Intermittent Failure on Serial Port

Discussion in 'Python' started by H J van Rooyen, Jun 10, 2006.

  1. Hi All,

    I am writing a polling controller for an RS-485 line that has
    several addressable devices connected.
    It is a small access control system.
    All is well- the code runs for anything from three hours to three days, then
    sometimes when I get a comms error and have to send out a nak character, it
    fails hard...

    The traceback below pops up. - the first lines are just some debug prints.
    and the four records show reader number, id number, name...

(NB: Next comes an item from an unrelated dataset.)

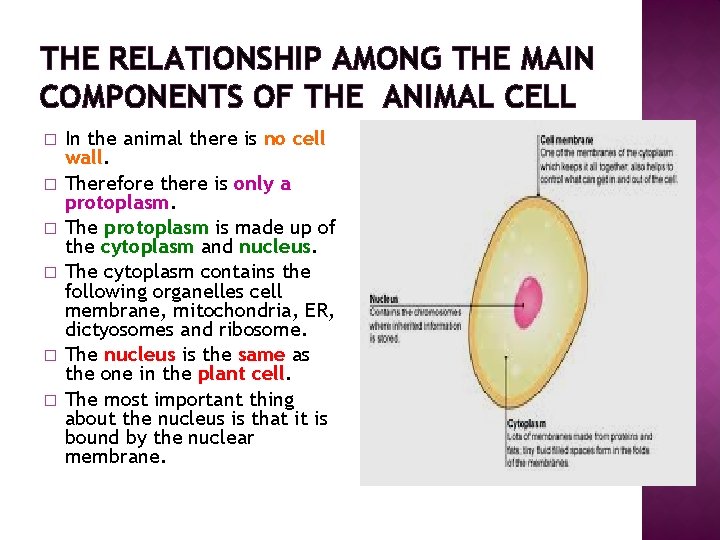 THE RELATIONSHIP AMONG THE MAIN COMPONENTS OF THE ANIMAL CELL � � � In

    _______________start of Konsole Messages __________________

    /dev/ttyS0 set to 9600 sane cread raw -echo
    .../logs/composite/rawlog
    Pipe exists already
    we get here - thread identity is: 1079298992
    New Thread identity printed by new thread is: 1079298992
    we get here too
    5 0123456789012345 Sefie Sewenstein is in
    2 DE0000085ABF8A01 Error record - catch her, catch him
    2 8A00000870BEDE01 Bertus Bierdrinker is in
    5 0123456789012345 Sefie Sewenstein is out
    Traceback (most recent call last):
    File "portofile.py", line 232, in ?
    ret_val = main_routine(port, pollstruct, pfifo)
    File "portofile.py", line 108, in main_routine
    send_nak(port, timeout) # so bad luck - comms error
    File "/home/hvr/Polling/lib/readerpoll.py", line 125, in send_nak
    port.flush()
    IOError: [Errno 29] Illegal seek
    close failed: [Errno 29] Illegal seek

    _______________end of Konsole Messages ___________________


    The additional thread referred to is used to maintain a file of
    people on the premises,- it is not relevant to this,
    as it just writes out a global dictionary when
    something has changed, and it works quite merrily...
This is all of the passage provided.